Choking back a scream, she tried to remain motionless, but she couldn’t stop trembling and her heart was pounding so violently, she thought it must surely be sending out vibrations in the water.
As she watched, the snake glided around and came back toward her. The head was up out of the water, and in the light from the window, she could see the gleam of its eyes. Could even make out the vertical pupils.
And then she saw another. And another.
They were everywhere.
Evangeline lay paralyzed as a black body slithered over her legs. Another touched her bare arm. She closed her eyes and tried not to scream.
When she dared look again, she counted at least a half-dozen diamond-shaped heads swimming in the water.
Ever so carefully, she turned her head away from the window. She could see a set of steps leading up to a door. Between her and the stairs, Thibodaux lay facedown in the water.
His body was still now, and Evangeline knew that he was dead. She’d read somewhere that death by snakebite was more often the result of heart failure than from the venom.
Evangeline could believe it. Her heart even now pounded so hard she was afraid her chest might explode.
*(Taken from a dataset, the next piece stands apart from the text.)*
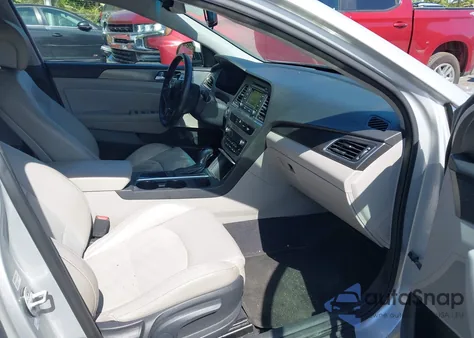 2015 Hyundai Sonata Sport z USA, uszkodzony, nr VIN 5NPE34AF6FH256579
Her head throbbed, too, and she thought of her mother, lying helpless on her own living room floor. She thought of J.D., missing from his crib, and an image of his little face materialized behind her closed eyelids. His sweet, innocent smile. The eyes that looked so much like Johnny’s. How could she ever have doubted her love for that baby? Her need to find him and protect him was like a raging wildfire inside her chest.
She had to find a way out. She couldn’t allow herself to remain frozen by terror. Her son needed her. She was all he had left.
And he was all she had left.
Evangeline lay very still and tried to work out a plan. Would it be better to spring quickly to her feet or take the slow approach?
She had no idea. She wasn’t even sure she could move quickly, given her injury and the numbness in her arms and legs. She flexed her muscles to try and warm them up.
Bracing herself, she counted to three, then leaped to her feet, jumped over the sheriff’s body and let panic hurl her up the steps.